→ Records supplied:
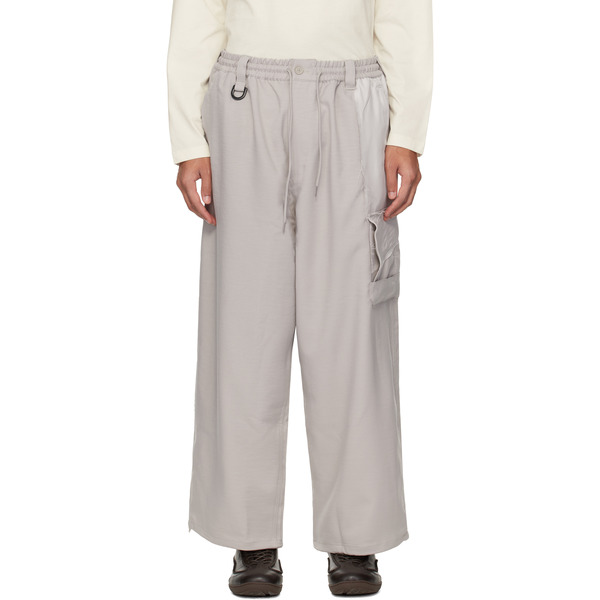  Y-3 Beige Sport Uniform Straight Cargo Pants 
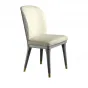 Классические обеденные стулья, 2 шт MIVICA из кожи и красного дерева ST38302-32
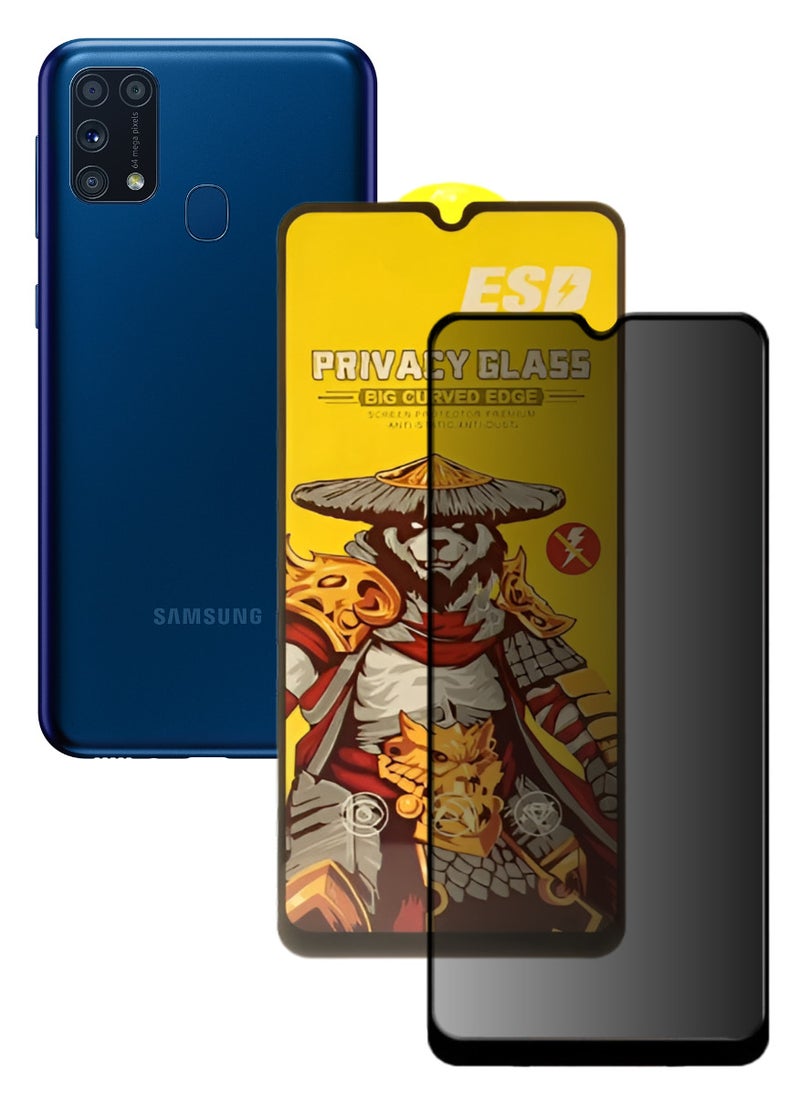 ESD Tempered Dustproof Privacy Glass Screen Protector Compatible For Samsung Galaxy M31 Prime - Image 1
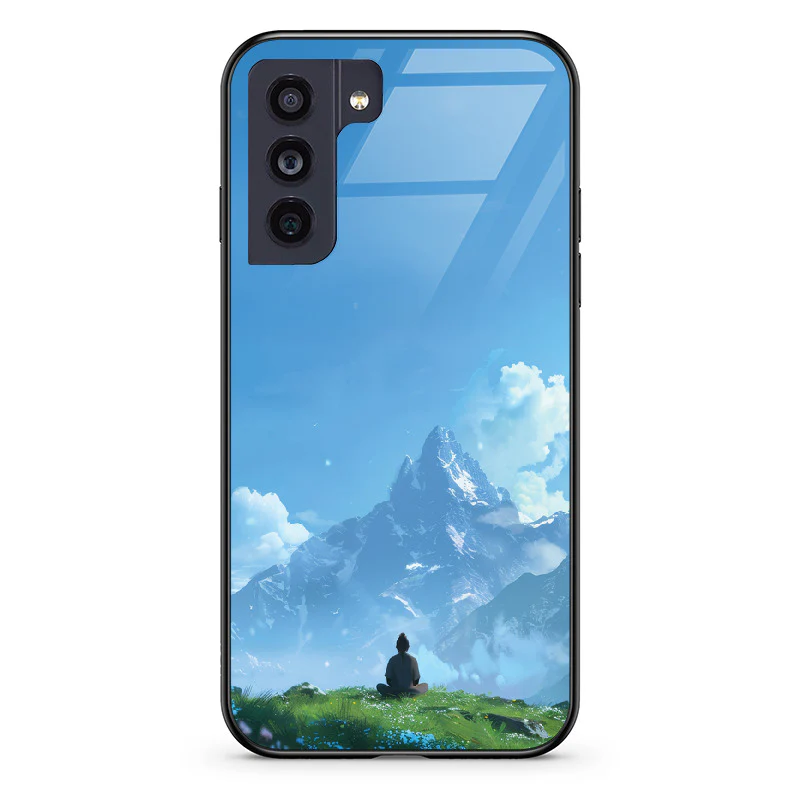 Glass Phone Case Mountain Meditation - Image 66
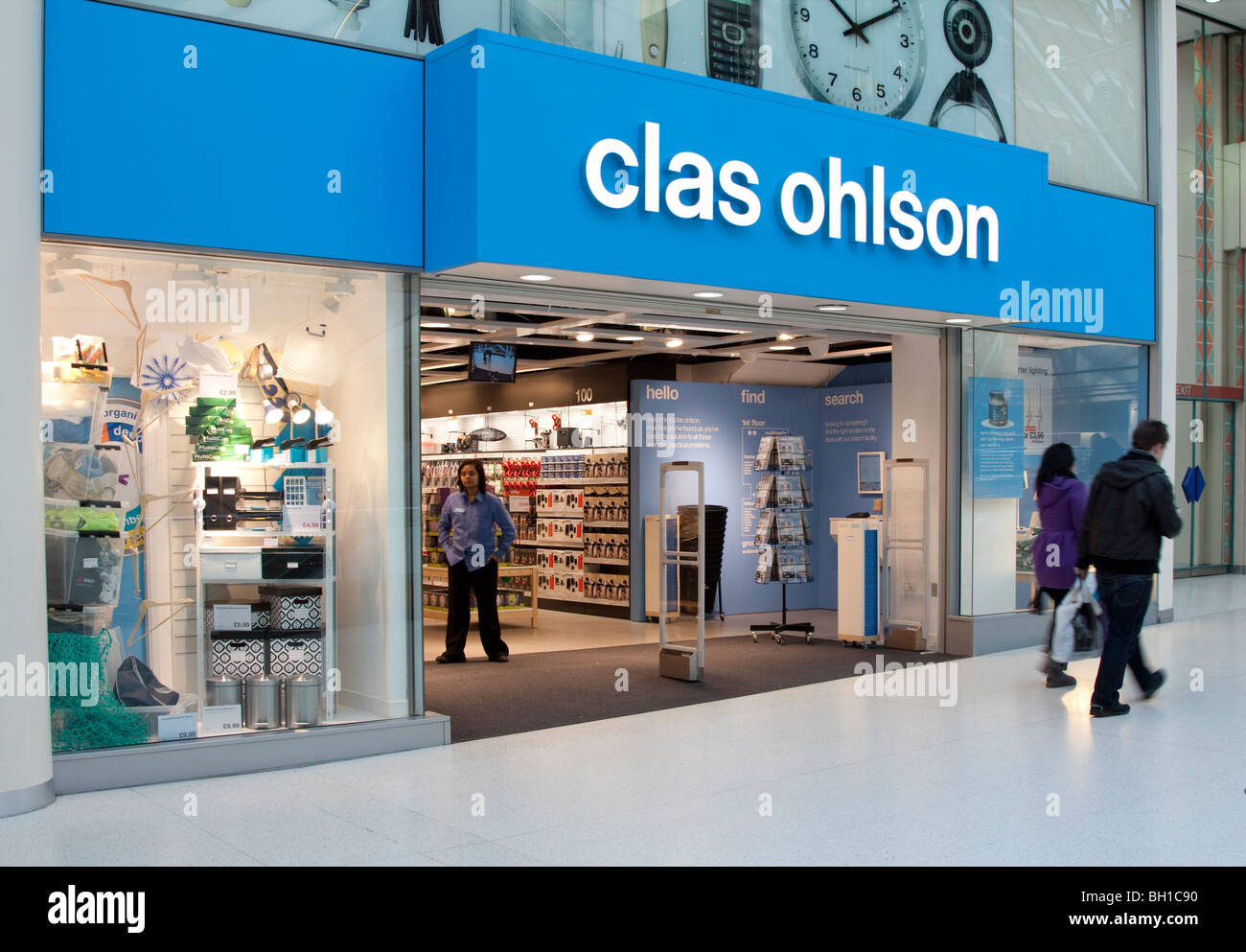 Clas Ohlson Prodotti elettrici Store - Intu Shopping Centre - Watford - Hertfordshire Foto Stock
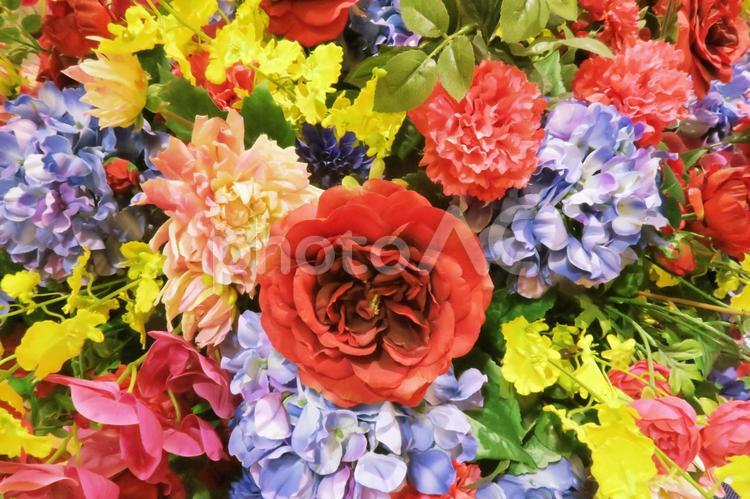 一面花の背景テクスチャ素材 ありがとう,お花,かわいいの写真素材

→ Work order: Please retype, exactly and with the pictures left out, the lines from the line containing "Классические обеденные стулья, 2" through the last line of the records above.

→ Answer box:
 Классические обеденные стулья, 2 шт MIVICA из кожи и красного дерева ST38302-32
 ESD Tempered Dustproof Privacy Glass Screen Protector Compatible For Samsung Galaxy M31 Prime - Image 1
 Glass Phone Case Mountain Meditation - Image 66
 Clas Ohlson Prodotti elettrici Store - Intu Shopping Centre - Watford - Hertfordshire Foto Stock
 一面花の背景テクスチャ素材 ありがとう,お花,かわいいの写真素材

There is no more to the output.